Platt Holden (pholden@worldnet.att.net)
Tue, 2 Sep 1997 03:01:09 +0100


Jason:

I enjoyed your most generous and thoughtful letter. It gives me a chance
to demonstrate another "pragmatic" way I use MOQ which goes back to your
original question, "How can MOQ be interpreted in such a way that it
becomes useful and practical in making everyday value judgments?"

You raise several apparent paradoxes in your letter which Pirsig might call
"platypi." Following your good advice, permit me to rephrase them so you
can tell if I understood them correctly.

The first one was: How can MOQ be critical of rationalism when it is itself
a rational system? The MOQ answer is that trying to create a perfect,
rational metaphysics can't be done. Pirsig says in Chapter 9: "The game is
supposed to stop when it is agreed that a particular line of reasoning is
impossible. This is supposed to be similar to checkmate.
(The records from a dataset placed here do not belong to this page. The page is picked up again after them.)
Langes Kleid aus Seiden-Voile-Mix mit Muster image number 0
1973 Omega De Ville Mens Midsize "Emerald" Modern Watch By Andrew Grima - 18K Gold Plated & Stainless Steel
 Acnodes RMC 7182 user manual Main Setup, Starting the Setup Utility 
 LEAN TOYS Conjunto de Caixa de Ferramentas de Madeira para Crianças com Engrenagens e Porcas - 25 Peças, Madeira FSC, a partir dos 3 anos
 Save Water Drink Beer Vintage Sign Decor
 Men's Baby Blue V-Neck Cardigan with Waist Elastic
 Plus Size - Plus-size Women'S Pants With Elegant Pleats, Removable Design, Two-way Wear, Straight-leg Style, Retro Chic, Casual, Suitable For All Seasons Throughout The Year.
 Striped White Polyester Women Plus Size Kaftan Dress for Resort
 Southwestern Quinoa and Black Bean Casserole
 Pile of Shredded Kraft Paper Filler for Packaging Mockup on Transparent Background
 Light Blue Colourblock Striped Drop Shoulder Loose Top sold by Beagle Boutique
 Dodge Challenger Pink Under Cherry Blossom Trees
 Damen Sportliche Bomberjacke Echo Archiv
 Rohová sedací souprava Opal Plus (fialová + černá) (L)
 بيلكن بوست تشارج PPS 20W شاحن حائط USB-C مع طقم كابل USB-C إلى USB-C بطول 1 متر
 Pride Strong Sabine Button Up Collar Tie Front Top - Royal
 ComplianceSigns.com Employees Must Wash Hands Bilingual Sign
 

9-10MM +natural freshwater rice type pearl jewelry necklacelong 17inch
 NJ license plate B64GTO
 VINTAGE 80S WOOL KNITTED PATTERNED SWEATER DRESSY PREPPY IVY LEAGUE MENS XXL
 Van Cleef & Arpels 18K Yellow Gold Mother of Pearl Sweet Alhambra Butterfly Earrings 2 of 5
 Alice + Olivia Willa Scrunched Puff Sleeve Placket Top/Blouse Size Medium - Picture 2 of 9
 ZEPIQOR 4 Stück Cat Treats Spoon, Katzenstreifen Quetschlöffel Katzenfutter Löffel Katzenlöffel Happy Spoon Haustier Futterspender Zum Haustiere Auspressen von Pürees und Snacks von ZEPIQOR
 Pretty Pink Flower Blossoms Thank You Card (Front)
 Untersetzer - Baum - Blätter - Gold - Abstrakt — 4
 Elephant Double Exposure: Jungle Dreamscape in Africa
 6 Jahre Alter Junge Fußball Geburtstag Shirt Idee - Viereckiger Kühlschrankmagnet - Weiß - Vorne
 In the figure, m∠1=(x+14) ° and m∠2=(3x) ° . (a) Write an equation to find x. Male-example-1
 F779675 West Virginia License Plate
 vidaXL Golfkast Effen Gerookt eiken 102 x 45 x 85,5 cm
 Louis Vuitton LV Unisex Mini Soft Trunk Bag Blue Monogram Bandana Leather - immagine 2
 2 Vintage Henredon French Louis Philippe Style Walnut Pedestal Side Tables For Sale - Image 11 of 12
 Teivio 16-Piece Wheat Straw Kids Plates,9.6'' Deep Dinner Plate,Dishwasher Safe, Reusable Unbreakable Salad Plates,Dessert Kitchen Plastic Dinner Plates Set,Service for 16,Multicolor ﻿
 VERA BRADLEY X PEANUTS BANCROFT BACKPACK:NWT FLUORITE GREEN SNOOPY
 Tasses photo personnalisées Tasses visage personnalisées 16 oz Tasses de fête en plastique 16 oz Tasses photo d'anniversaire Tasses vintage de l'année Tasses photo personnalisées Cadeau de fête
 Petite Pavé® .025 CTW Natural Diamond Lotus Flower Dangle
But conflicting
positions go on for centuries without any such checkmate being agreed
upon." I think Pirsig might say that although his metaphysics is
rationally constructed so as to communicate it to others in our current
culturally-approved universe of language and thought, it's value is
provisional and should only be accepted until something better comes along.

Your second paradox was: How can MOQ be critical of relativism when it
asserts that what is true is whatever a person believes is good? The MOQ
answer is that good is direct everyday experience and thus allows more than
one set of truths to exist. But since truth is a universal concept, it
transcends relativity. For example, in logic if one asserts that all is
relative, he asserts an absolute, nonrelative truth. Pirsig says in
Chapter 29: '"Truth's a metaphysical subject that everyone disagrees about.
 There are lots of different definitions of truth and some of them could
throw a whole lot more light on what was happening to Lila than a
subject-object metaphysics does. If objects are the ultimate reality then
there's only one true intellectual construction of things: that which
corresponds to the objective world. But if truth is defined as a
high-quality set of intellectual value patterns, then insanity can be
defined as just a low-quality set of intellectual value patterns, and you
get a whole different picture." As an aside, when I first learned of
Godel's proof that in math and logic there will always be certain true
statements that cannot be proved to be true, my opinion of rationality as
high-quality value pattern dropped down several pegs.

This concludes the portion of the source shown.